LAC Main Seminar Series: Business of the State: Why State Ownership Matters for Resource Governance

Convener: David Doyle, University of Oxford

Speaker: Jewellord T. Nem Singh, International Institute of Social Studies

 

To join online, please register in advance:

https://us02web.zoom.us/meeting/register/tZUqfu-opj4sGNHIZsuJxyFZvPVjGilLrJDQ

 

book cover final page

As the world moves towards decarbonization and the race for clean energy technologies accelerates, states in the global south are increasingly called upon to supply critical minerals to fuel the transition. Business of the State details how mineral states might design effective growth strategies in this context of strategic competition and climate emergency, via the rise of a hybrid developmental strategy during 1990s and 2010s- the embrace of market-conforming policies to attract FDI and the re-assertion of state-owned enterprises (SOEs) as players in industrial development. Drawing from the experiences of Brazil's Petrobras and Chile's Codelco, the book argues that SOEs might open new pathways for technological innovation and even support industrial policy, if subjected to effective governance reforms and aligned with the private sector. In this way, the book shifts the analytical lens away from extractivism as a growth model and towards hybrid development strategies formulated through SOEs.

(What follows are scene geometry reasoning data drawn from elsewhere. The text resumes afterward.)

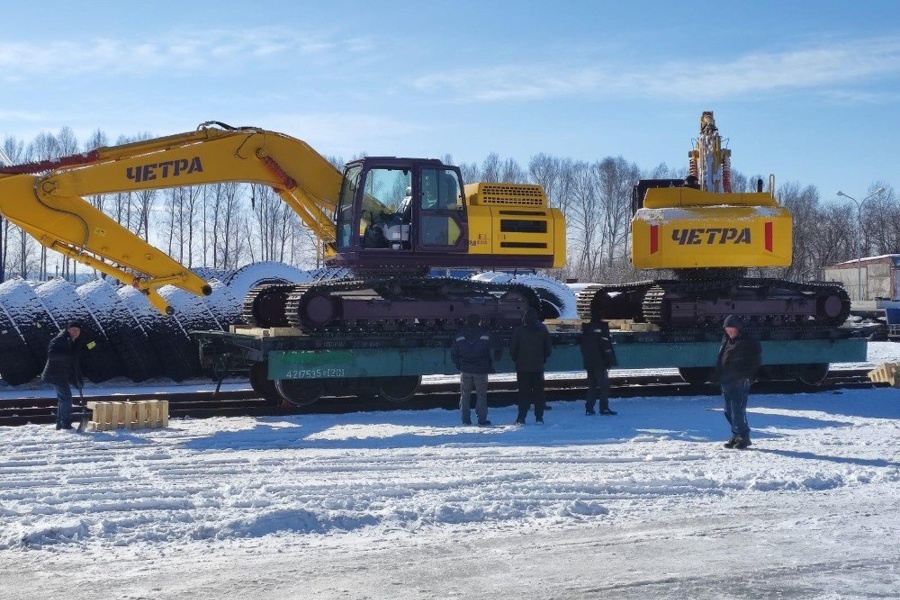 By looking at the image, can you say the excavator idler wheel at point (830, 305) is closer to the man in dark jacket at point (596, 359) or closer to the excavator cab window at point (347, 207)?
the man in dark jacket at point (596, 359)

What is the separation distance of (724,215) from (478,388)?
5.90m

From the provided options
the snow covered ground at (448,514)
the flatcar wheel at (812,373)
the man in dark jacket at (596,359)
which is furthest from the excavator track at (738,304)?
the snow covered ground at (448,514)

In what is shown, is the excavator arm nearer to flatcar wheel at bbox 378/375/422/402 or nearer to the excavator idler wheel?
flatcar wheel at bbox 378/375/422/402

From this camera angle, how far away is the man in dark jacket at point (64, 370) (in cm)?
1309

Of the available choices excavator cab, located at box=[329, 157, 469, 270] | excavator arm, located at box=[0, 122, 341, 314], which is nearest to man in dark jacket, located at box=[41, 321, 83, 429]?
excavator arm, located at box=[0, 122, 341, 314]

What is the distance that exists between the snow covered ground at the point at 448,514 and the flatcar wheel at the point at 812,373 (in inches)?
208

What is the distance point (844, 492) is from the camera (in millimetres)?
9500

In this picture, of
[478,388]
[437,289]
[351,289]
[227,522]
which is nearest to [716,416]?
[478,388]

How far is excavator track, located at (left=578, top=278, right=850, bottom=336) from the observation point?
16953 mm

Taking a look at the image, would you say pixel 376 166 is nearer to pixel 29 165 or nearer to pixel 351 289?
pixel 351 289

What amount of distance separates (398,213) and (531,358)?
3.09 m

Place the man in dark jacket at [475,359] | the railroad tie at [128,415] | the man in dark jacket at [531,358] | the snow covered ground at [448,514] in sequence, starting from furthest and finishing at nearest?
the man in dark jacket at [531,358] → the man in dark jacket at [475,359] → the railroad tie at [128,415] → the snow covered ground at [448,514]

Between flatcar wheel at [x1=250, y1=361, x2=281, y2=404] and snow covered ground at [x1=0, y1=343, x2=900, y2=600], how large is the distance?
3088mm

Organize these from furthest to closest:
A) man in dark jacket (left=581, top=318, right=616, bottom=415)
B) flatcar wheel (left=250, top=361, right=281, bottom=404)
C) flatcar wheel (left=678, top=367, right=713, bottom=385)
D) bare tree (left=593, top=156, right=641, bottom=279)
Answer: bare tree (left=593, top=156, right=641, bottom=279) < flatcar wheel (left=678, top=367, right=713, bottom=385) < flatcar wheel (left=250, top=361, right=281, bottom=404) < man in dark jacket (left=581, top=318, right=616, bottom=415) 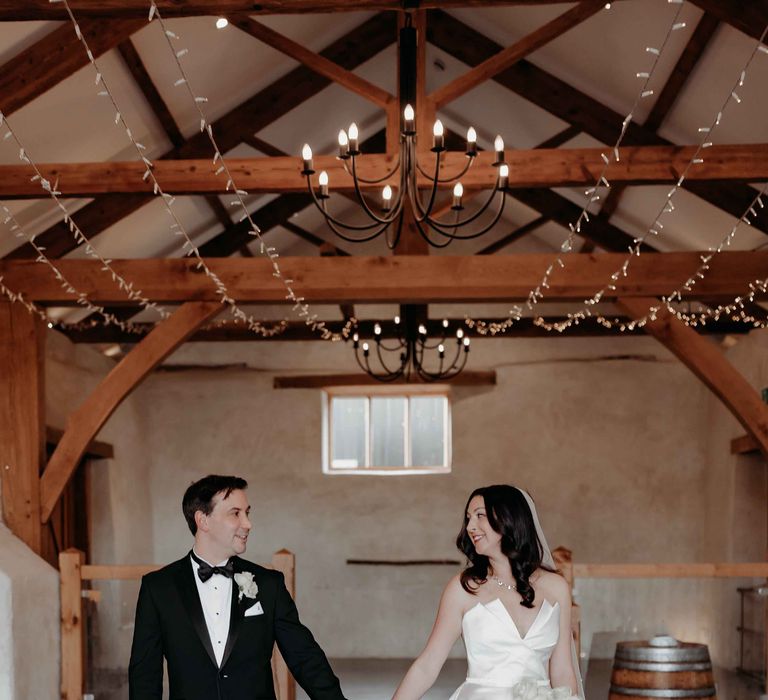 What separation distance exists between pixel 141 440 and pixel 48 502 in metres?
4.56

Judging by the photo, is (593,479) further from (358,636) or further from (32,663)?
(32,663)

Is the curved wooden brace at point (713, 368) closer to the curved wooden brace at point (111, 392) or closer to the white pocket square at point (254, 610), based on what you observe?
the curved wooden brace at point (111, 392)

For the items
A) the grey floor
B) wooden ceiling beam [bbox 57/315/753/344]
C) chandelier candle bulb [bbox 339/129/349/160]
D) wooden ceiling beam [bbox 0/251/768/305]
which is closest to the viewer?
chandelier candle bulb [bbox 339/129/349/160]

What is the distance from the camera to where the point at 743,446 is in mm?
10617

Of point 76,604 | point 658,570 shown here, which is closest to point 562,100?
point 658,570

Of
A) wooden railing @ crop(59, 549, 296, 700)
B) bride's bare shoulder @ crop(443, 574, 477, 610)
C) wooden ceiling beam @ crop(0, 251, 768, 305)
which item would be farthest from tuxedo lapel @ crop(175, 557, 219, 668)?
wooden ceiling beam @ crop(0, 251, 768, 305)

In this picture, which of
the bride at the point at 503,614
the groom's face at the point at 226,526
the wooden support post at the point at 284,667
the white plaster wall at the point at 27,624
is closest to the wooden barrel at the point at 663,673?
the wooden support post at the point at 284,667

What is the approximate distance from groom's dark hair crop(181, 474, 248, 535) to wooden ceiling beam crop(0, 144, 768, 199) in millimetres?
3330

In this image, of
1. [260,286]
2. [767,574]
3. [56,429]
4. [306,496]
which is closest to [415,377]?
[306,496]

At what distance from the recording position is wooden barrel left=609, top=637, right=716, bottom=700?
5852 millimetres

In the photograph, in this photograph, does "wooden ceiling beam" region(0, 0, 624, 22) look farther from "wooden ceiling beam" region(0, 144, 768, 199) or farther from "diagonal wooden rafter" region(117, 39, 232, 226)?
"diagonal wooden rafter" region(117, 39, 232, 226)

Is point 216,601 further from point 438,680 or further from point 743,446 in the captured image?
point 743,446

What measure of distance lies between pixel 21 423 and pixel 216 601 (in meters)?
4.70

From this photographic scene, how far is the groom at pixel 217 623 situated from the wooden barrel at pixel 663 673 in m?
2.84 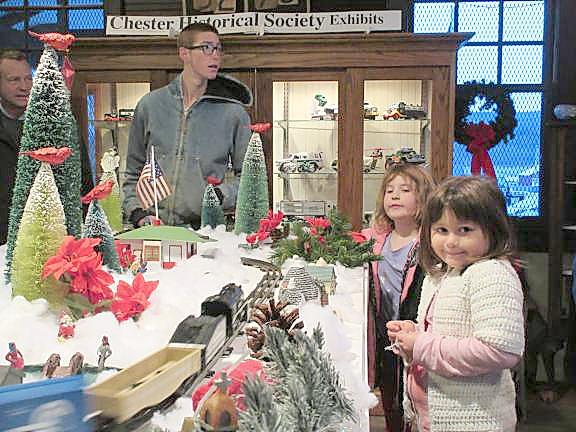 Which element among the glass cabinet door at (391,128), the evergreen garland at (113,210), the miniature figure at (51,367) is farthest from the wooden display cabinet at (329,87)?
the miniature figure at (51,367)

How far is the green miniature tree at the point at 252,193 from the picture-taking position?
3.40m

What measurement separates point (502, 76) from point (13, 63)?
311 cm

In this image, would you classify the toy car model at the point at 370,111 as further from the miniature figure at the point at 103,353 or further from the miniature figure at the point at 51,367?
the miniature figure at the point at 51,367

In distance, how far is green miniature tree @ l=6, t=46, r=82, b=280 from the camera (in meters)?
1.87

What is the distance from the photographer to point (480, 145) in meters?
4.45

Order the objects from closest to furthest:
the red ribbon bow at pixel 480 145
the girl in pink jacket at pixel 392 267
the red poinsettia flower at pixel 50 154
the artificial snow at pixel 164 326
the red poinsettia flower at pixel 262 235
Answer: the artificial snow at pixel 164 326
the red poinsettia flower at pixel 50 154
the girl in pink jacket at pixel 392 267
the red poinsettia flower at pixel 262 235
the red ribbon bow at pixel 480 145

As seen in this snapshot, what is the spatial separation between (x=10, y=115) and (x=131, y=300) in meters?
2.31

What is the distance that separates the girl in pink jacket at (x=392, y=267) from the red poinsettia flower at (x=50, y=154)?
133cm

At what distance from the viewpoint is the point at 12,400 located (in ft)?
2.34

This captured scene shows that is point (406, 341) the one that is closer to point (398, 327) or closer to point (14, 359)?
point (398, 327)

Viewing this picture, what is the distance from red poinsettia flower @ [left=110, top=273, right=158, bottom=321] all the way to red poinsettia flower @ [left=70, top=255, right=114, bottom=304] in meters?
0.04

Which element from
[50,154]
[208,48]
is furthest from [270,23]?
[50,154]

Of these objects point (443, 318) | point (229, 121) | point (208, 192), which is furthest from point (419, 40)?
point (443, 318)

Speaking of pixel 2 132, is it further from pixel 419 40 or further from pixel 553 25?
pixel 553 25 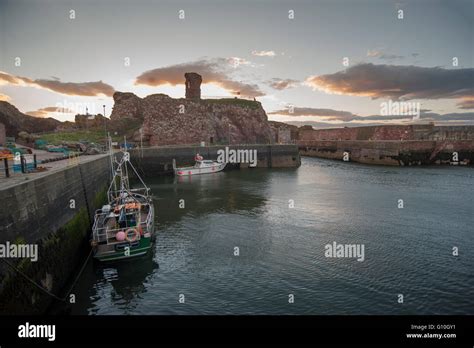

Business of the State asks fundamental questions about states and markets: why do states seek to intervene in the affairs of public enterprises? And what role might they play in structural transformation? The book provides answers using a historical institutionalist framework, process tracing the complex process of market reforms in highly strategic natural resource industries.

 

 

Jewellord T. Nem Singh is an Assistant Professor of International Development at the International Institute of Social Studies and a Global Fellow in the Environmental Change and Security (ECSP) Programme and the Wahba Institute for Strategic Competition (WISC) at the Wilson Centre, Washington DC. He is the Principal Investigator of the European Research Council Starting Grant Green Industrial Policy in the Age of Rare Metals (GRIP-ARM) under Grant No. 950056. His most recent publications include Business of the State: Why State Ownership Matters for Resource Governance (Oxford University Press, 2024) and The Politics of Designing and Negotiating Industrial Policy: Prospects and Challenges of State-led Development in the 21st Century (Routledge, Forthcoming).